In a letter to CIA employees, U.S. President Barack Obama  mourned the deaths of those he said “served in the shadows.”  The death toll was the intelligence agency’s highest since  eight employees were killed in a bombing of the U.S. Embassy in  Beirut in 1983.

The chief of the CIA base was among the dead, according to  a former intelligence official. “We fully expected to lose  agents, but to lose so many all at once is a huge shock to the  system and is very troubling,” he said.

The attack took place inside Forward Operating Base  Chapman, a well fortified base in Khost province near the  southeastern border with Pakistan, where the CIA has been  stepping up operations to battle a resurgent Taliban.

The bombing highlighted the insurgency’s reach and  coordination at a time when violence has reached its highest  levels since the overthrow of the Taliban regime by U.S.-backed  Afghan forces in 2001.

CIA Director Leon Panetta said the deaths would not deter  the agency. “This attack will be avenged through successful,  aggressive counterterrorism operations,” a U.S. intelligence  official said on condition of anonymity.

U.S. State Department spokeswoman Julie Reside said plans  to increase the U.S. civilian presence in Afghanistan remained  on track and that security would continue to be a primary  concern.

Also on Wednesday, five Canadians — four soldiers and a  journalist — were killed when their armored vehicle was hit by  a bomb in southern Kandahar province, the Canadian Defence  Ministry said.

The Afghan Defense Ministry rejected the Taliban’s claim  that an Afghan soldier was involved in the attack and said none  were stationed at the base.

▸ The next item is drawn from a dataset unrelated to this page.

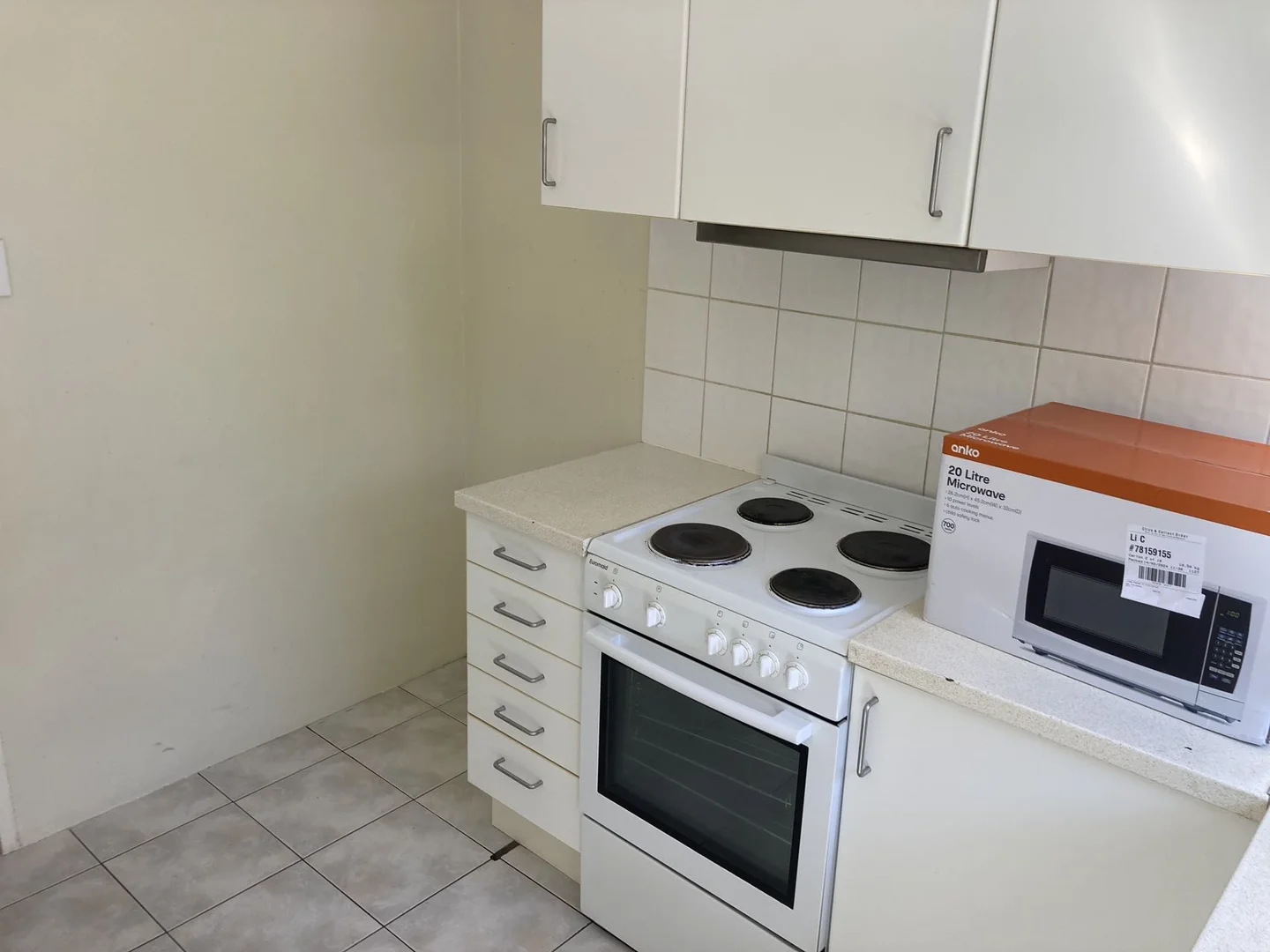 Additional image 4 of 919 Botany Rd, Rosebery NSW 2018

But a spokesman for NATO-led forces  in Afghanistan acknowledged Afghan security forces were working  there.

If the bomber does prove to be from the army, it would mark  the second deadly attack in three days on foreign troops and  officials by Afghan soldiers being groomed to eventually take  over the nation’s security.

Obama has started deploying 30,000 extra troops to tackle  the violence and NATO allies are contributing thousands more.

The surge is scheduled to be scaled back starting in 2011  as the United States gradually hands security province by  province over to the Afghans.

Security lapses at U.S. bases have been in the spotlight  since a U.S. army psychiatrist allegedly killed 13 people in a  Nov. 5 shooting spree at the Fort Hood army base in Texas.

One U.S. official, speaking on condition he not be named,  pointed to the Fort Hood incident as evidence that problems  spotting potentially dangerous personnel were not limited to  Afghanistan.

“Any time you have an incident like this, it gives you an  opportunity to evaluate a whole range of things, whether it’s  vetting procedures, whether it’s security procedures, whether  it’s intel, whether it’s physical security,” he said.

The CIA did not say how long its investigation would take.

“There’s still a lot to be learned about what happened. The  key lesson is that counterterrorism work is dangerous,” a CIA  spokesman said.

The blast that killed the five Canadians struck the patrol  as it was visiting reconstruction projects near Kandahar.

The journalist killed, Michelle Lang, 34, was on her first  assignment in Afghanistan. She is the third journalist to die  in Afghanistan this year.